Billie Brown was scarcely eighteen [sic] years old, and had just entered upon what promised a brilliant career as a composer of popular music. She was identified with the retail store of J. W. Jenkins' Sons Music Co., and demonstrated in the piano department, and had from a child composed little things which she played on occasion. She sent her "Dangerous Blues" to a dozen music publishers, only to have it returned. She came to the Jenkins store and asked for a position of some sort to help her support herself and her mother, and was employed to play the piano. One day she was playing "Dangerous Blues" and Mr. Ege, attracted by its unusual character, stopped and asked her what was the name of the piece. She told him, and the conversation following resulted in the company paying her $100 for the composition.

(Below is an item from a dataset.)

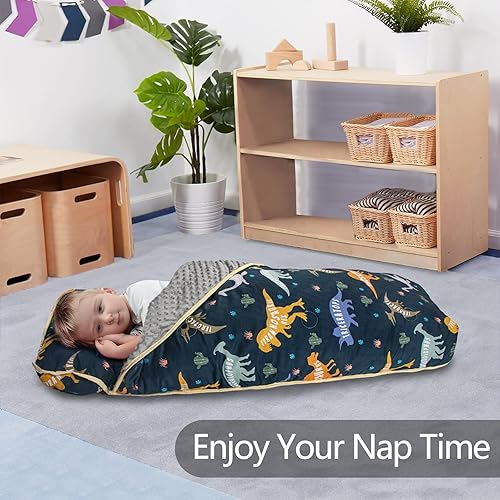 Miniatura 3 de Primlect Colchoneta Engrosada para Siesta de Niños Pequeños con Almohada Removible y Manta Minky, Saco de Dormir Extra Grande de 55''x35'', Lavable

"Dangerous Blues" was first published in the Spring of 1921 and was an instant success, more than a million copies having been sold. By the first of July the sales had grown to such proportions that the Jenkins firm felt that they were justified in changing the contract with Billie Brown and of paying her a royalty instead. They therefore handed her a check for $500 and told her to write more songs. Two of these will be released in January, one of them, "Lonesome Mama Blues," appearing on the 1st, and the other, "Lullaby Moon," on the 15th. There are some others to follow later which the brilliant little composer had finished before her untimely death last week from smallpox.
True to their word, Jenkins released the other two blues. Lonesome Mama Blues got some traction and was recorded as well. Lullaby Moon was a lovely ballad that demonstrated Billie's versatility as a writer. However, her most outstanding legacy was clearly Dangerous Blues, especially as represented in the recording by black blues singer Bessie Smith who made the piece sound like it was from the pen of a seasoned composer of her own race, not a teen-aged white girl.
In the 1922 Kansas City directory, Anna Brown, now living at 620 E. 9th, listed herself as a music writer. As it was, one other song co-composed with her late daughter was released in 1924. Even though Anna was still around in the early 1930s, William Brown considered himself as widowed in the 1930 census taken in Eureka Springs. This may have been the result of the pain from losing his adopted daughter. Fortunately, she has not been lost to history, her one iconic piece is still performed over a century later, keeping the name and memory of Billie Brown alive.